- INPUT MATERIAL:

====

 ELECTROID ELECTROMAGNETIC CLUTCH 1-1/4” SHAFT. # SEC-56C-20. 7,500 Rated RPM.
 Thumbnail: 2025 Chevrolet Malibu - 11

====

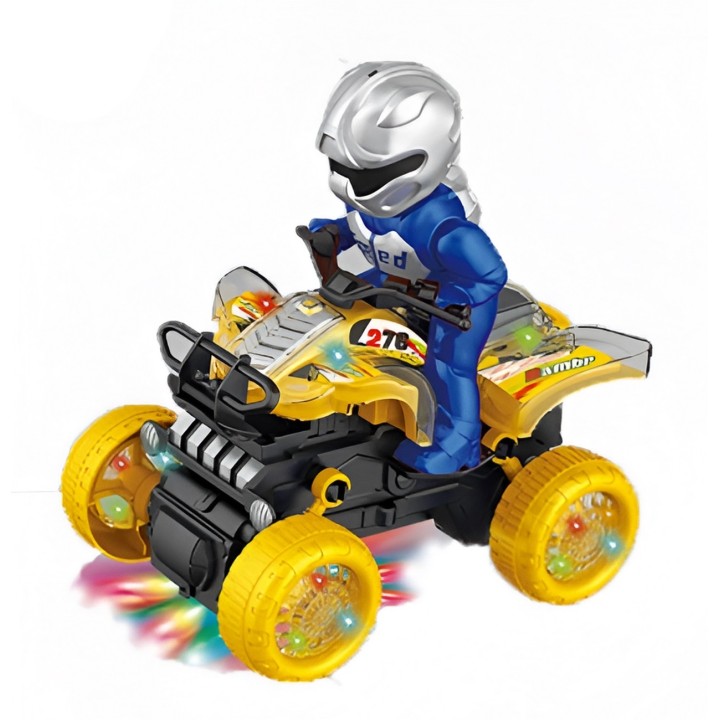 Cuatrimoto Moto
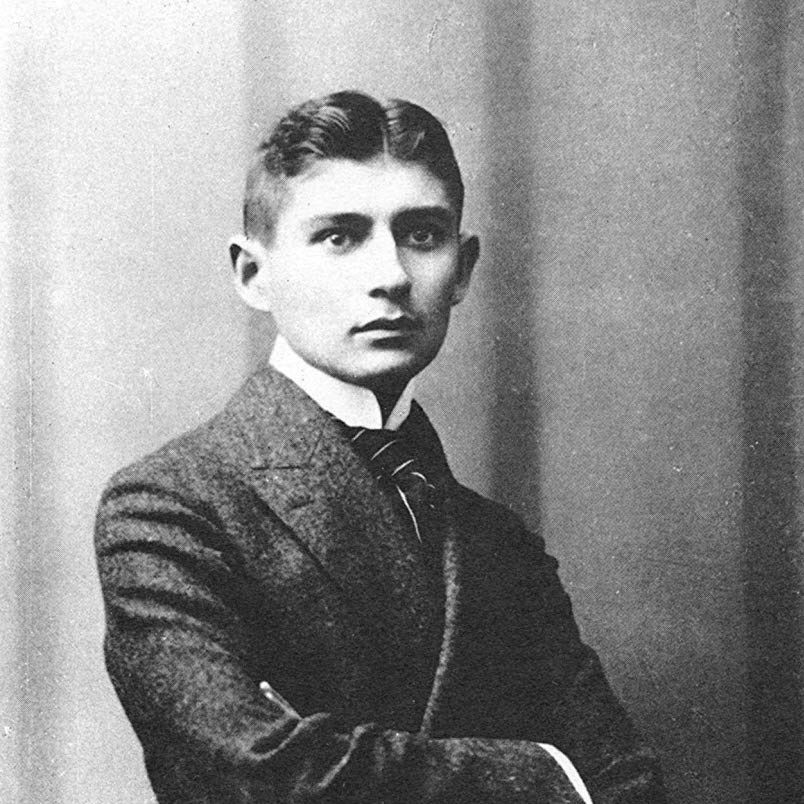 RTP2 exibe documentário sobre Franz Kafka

====

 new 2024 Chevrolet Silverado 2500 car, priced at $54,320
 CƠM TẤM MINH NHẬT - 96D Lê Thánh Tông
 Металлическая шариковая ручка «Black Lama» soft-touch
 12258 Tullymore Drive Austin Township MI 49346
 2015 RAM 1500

====

- ASSIGNED TASK: In the listing above, find the line with "ELECTROID ELECTROMAGNETIC CLUTCH" and the line with "Thumbnail: 2025 Chevrolet Malibu - 11"; set down exactly those two lines and every line between them, nothing more.

- WRITTEN RESPONSE:
 ELECTROID ELECTROMAGNETIC CLUTCH 1-1/4” SHAFT. # SEC-56C-20. 7,500 Rated RPM.
 Thumbnail: 2025 Chevrolet Malibu - 11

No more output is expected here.